LRX.wiki

License and Right eXchange Knowledge Base

MIT License

The most popular open source license

The MIT License is a permissive free software license originating at the Massachusetts Institute of Technology. It is one of the most widely used licenses in the open source community, known for its simplicity and minimal restrictions on reuse.

Key characteristics: permits commercial use, modification, distribution, and private use. The only condition is that the license and copyright notice must be included in all copies or substantial portions of the software.

SPDX: MIT

Compatible with: GPL-2.0, GPL-3.0, Apache-2.0, BSD-2-Clause, BSD-3-Clause, ISC, Unlicense.

Apache License 2.0

Permissive with patent protection

The Apache License 2.0 provides an explicit grant of patent rights from contributors to users. It allows unrestricted use, modification, and distribution, while requiring preservation of the copyright notice and disclaimer.

SPDX: Apache-2.0

Notable users: Android, Kubernetes, TensorFlow, Swift.

C

Copyright Basics

Copyright is a form of intellectual property protection granted to the authors of original works. It applies automatically upon creation of the work in a fixed, tangible form.

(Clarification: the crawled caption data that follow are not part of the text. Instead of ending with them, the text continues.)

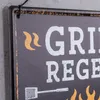 Spruchtafel Grillen H32cm Metallschild Grillregeln Garten Produktbild-Vorschau 6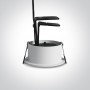Spot LED 12W incastrat orientabil IP20 rotund alb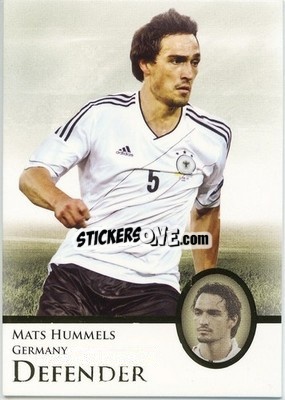 Figurina Mats Hummels - World Football UNIQUE 2013 n. 17p - Futera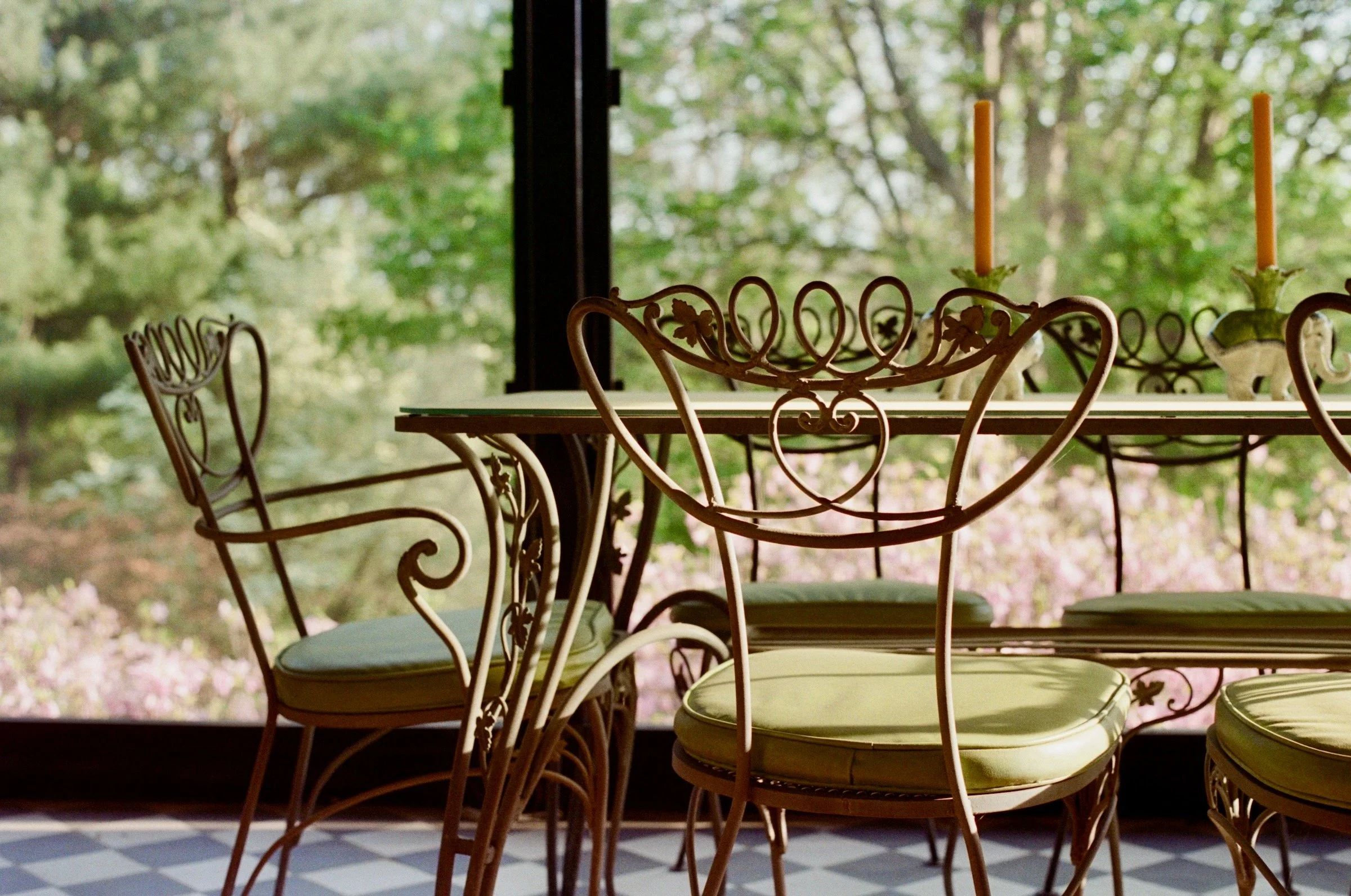 screened-in porch open for the season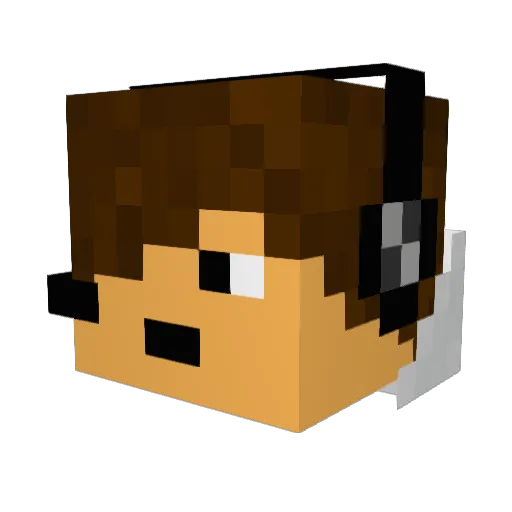 ZippAx1337 Minecraft avatar head, 3D render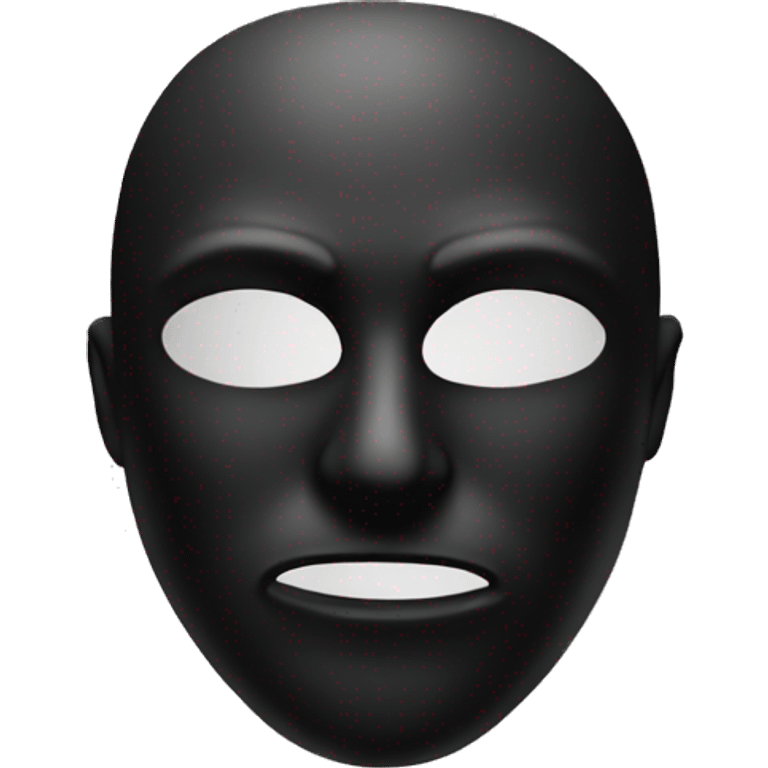 mask black smoke emoji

Duration: Life of the author plus 70 years (in most jurisdictions).

GPL License Family

Copyleft licenses by the FSF

The GNU General Public License (GPL) is a series of copyleft licenses authored by Richard Stallman for the Free Software Foundation. Copyleft requires that derivative works also be distributed under the same license terms.

GPL-2.0: Requires source code distribution for binaries. No patent clause. Used by Linux kernel.

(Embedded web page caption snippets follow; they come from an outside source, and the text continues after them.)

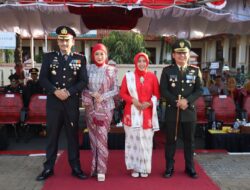 Kapolres Jepara Hadiri Upacara Penurunan Bendera Merah Putih pada Peringatan HUT Ke-80 Proklamasi Kemerdekaan RI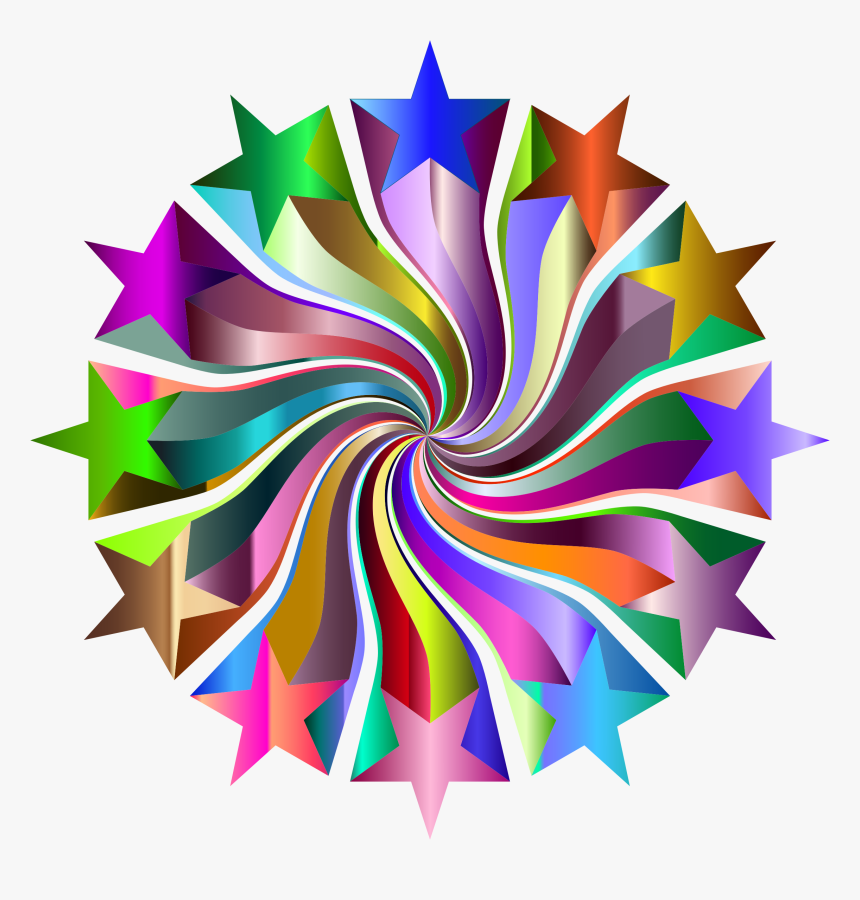 Prismatic Starburst Vortex 4 Clip Arts - Portable Network Graphics, HD Png Download, Free Download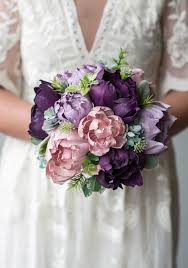 Buy purple wedding bouquets and get the best deals at the lowest prices on ebay! Mother S Day Gift Mother S Day Flowers Purple Lavender Peony Bouquet Fake Bouquet Keepsake Bouquet Brid Pink Wedding Theme Wood Flower Bouquet Wedding Bouquets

GPL-3.0: Adds patent protection, anti-tivoization provisions, and compatibility with Apache-2.0. Used by GCC, GIMP, bash.

LGPL: A weaker copyleft that allows linking from proprietary software. Used by glibc, GTK, Qt (historically).

AGPL-3.0: Extends GPL-3.0 to network use -- if you modify AGPL software and let users interact with it over a network, you must release the source.

SPDX: GPL-2.0-only | GPL-3.0-only | LGPL-2.1 | AGPL-3.0

Creative Commons

Licenses for creative works

Creative Commons licenses provide a standardized way for creators to grant permission for others to use their creative work. The system uses a modular approach with four conditions:

BY (Attribution), SA (ShareAlike), NC (NonCommercial), ND (NoDerivatives).

Six main combinations: CC BY, CC BY-SA, CC BY-NC, CC BY-NC-SA, CC BY-ND, CC BY-NC-ND. Plus CC0 (public domain dedication).

SPDX Identifiers

SPDX (Software Package Data Exchange) provides a standard notation for expressing license information. Each license is assigned a unique short identifier.

Example: MIT, Apache-2.0, GPL-3.0-only

Fair Use

Fair use is a legal doctrine permitting limited use of copyrighted material without permission. Four factors are considered: purpose and character of use, nature of the copyrighted work, amount used, and effect on the market.

BSD Licenses

Simple permissive licenses from Berkeley

The BSD licenses are a family of permissive licenses originating from the University of California, Berkeley. Key variants:

BSD-2-Clause (Simplified): Requires copyright notice in source and binary redistributions.

BSD-3-Clause (New): Adds a non-endorsement clause preventing use of the author's name for promotion.

SPDX: BSD-2-Clause | BSD-3-Clause

License Compatibility

License compatibility determines whether code under different licenses can be combined in a single project. Permissive licenses are generally compatible with copyleft, but copyleft licenses may conflict with each other.

Public Domain

Public domain works are not restricted by copyright. Works can enter the public domain through expiration of copyright, failure to renew, or deliberate dedication (such as CC0 or Unlicense).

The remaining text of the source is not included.